(Extracted records)

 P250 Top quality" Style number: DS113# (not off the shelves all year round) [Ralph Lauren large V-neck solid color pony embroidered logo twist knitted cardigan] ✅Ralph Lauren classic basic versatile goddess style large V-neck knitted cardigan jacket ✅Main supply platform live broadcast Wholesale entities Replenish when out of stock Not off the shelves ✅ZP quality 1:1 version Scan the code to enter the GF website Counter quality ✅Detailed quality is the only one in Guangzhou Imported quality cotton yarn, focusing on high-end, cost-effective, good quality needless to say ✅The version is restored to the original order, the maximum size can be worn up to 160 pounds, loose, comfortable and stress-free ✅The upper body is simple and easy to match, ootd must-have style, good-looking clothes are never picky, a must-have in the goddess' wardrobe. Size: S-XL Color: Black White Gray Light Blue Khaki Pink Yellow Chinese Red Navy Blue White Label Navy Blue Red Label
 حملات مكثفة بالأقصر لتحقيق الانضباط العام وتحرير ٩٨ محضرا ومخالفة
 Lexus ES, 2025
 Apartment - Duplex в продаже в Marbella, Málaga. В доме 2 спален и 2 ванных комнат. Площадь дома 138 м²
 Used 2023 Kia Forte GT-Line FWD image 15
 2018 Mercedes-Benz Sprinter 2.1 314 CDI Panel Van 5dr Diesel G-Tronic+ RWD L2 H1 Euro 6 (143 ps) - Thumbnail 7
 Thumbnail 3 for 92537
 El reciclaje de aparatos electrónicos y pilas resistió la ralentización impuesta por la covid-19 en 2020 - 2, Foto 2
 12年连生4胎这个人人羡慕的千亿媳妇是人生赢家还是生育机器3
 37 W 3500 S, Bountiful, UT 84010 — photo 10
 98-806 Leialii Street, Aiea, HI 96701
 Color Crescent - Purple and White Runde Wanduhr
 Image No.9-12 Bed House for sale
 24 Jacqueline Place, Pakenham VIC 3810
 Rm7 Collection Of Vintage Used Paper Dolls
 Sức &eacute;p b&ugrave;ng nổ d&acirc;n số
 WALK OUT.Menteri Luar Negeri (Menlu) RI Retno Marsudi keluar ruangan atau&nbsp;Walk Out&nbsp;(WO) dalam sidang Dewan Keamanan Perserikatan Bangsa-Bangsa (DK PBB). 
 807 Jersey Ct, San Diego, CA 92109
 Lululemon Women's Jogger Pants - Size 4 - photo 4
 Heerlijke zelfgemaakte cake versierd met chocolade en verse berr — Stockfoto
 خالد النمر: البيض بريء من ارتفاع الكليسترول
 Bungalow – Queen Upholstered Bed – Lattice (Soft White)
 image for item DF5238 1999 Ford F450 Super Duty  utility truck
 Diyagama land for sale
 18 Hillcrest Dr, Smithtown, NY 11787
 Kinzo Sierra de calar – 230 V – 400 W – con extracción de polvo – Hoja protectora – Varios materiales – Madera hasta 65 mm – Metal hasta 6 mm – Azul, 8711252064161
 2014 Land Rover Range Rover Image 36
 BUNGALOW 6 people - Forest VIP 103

== Work instruction ==
Output every record above a second time, exactly.

== Output for this exercise ==
 P250 Top quality" Style number: DS113# (not off the shelves all year round) [Ralph Lauren large V-neck solid color pony embroidered logo twist knitted cardigan] ✅Ralph Lauren classic basic versatile goddess style large V-neck knitted cardigan jacket ✅Main supply platform live broadcast Wholesale entities Replenish when out of stock Not off the shelves ✅ZP quality 1:1 version Scan the code to enter the GF website Counter quality ✅Detailed quality is the only one in Guangzhou Imported quality cotton yarn, focusing on high-end, cost-effective, good quality needless to say ✅The version is restored to the original order, the maximum size can be worn up to 160 pounds, loose, comfortable and stress-free ✅The upper body is simple and easy to match, ootd must-have style, good-looking clothes are never picky, a must-have in the goddess' wardrobe. Size: S-XL Color: Black White Gray Light Blue Khaki Pink Yellow Chinese Red Navy Blue White Label Navy Blue Red Label
 حملات مكثفة بالأقصر لتحقيق الانضباط العام وتحرير ٩٨ محضرا ومخالفة
 Lexus ES, 2025
 Apartment - Duplex в продаже в Marbella, Málaga. В доме 2 спален и 2 ванных комнат. Площадь дома 138 м²
 Used 2023 Kia Forte GT-Line FWD image 15
 2018 Mercedes-Benz Sprinter 2.1 314 CDI Panel Van 5dr Diesel G-Tronic+ RWD L2 H1 Euro 6 (143 ps) - Thumbnail 7
 Thumbnail 3 for 92537
 El reciclaje de aparatos electrónicos y pilas resistió la ralentización impuesta por la covid-19 en 2020 - 2, Foto 2
 12年连生4胎这个人人羡慕的千亿媳妇是人生赢家还是生育机器3
 37 W 3500 S, Bountiful, UT 84010 — photo 10
 98-806 Leialii Street, Aiea, HI 96701
 Color Crescent - Purple and White Runde Wanduhr
 Image No.9-12 Bed House for sale
 24 Jacqueline Place, Pakenham VIC 3810
 Rm7 Collection Of Vintage Used Paper Dolls
 Sức &eacute;p b&ugrave;ng nổ d&acirc;n số
 WALK OUT.Menteri Luar Negeri (Menlu) RI Retno Marsudi keluar ruangan atau&nbsp;Walk Out&nbsp;(WO) dalam sidang Dewan Keamanan Perserikatan Bangsa-Bangsa (DK PBB). 
 807 Jersey Ct, San Diego, CA 92109
 Lululemon Women's Jogger Pants - Size 4 - photo 4
 Heerlijke zelfgemaakte cake versierd met chocolade en verse berr — Stockfoto
 خالد النمر: البيض بريء من ارتفاع الكليسترول
 Bungalow – Queen Upholstered Bed – Lattice (Soft White)
 image for item DF5238 1999 Ford F450 Super Duty  utility truck
 Diyagama land for sale
 18 Hillcrest Dr, Smithtown, NY 11787
 Kinzo Sierra de calar – 230 V – 400 W – con extracción de polvo – Hoja protectora – Varios materiales – Madera hasta 65 mm – Metal hasta 6 mm – Azul, 8711252064161
 2014 Land Rover Range Rover Image 36
 BUNGALOW 6 people - Forest VIP 103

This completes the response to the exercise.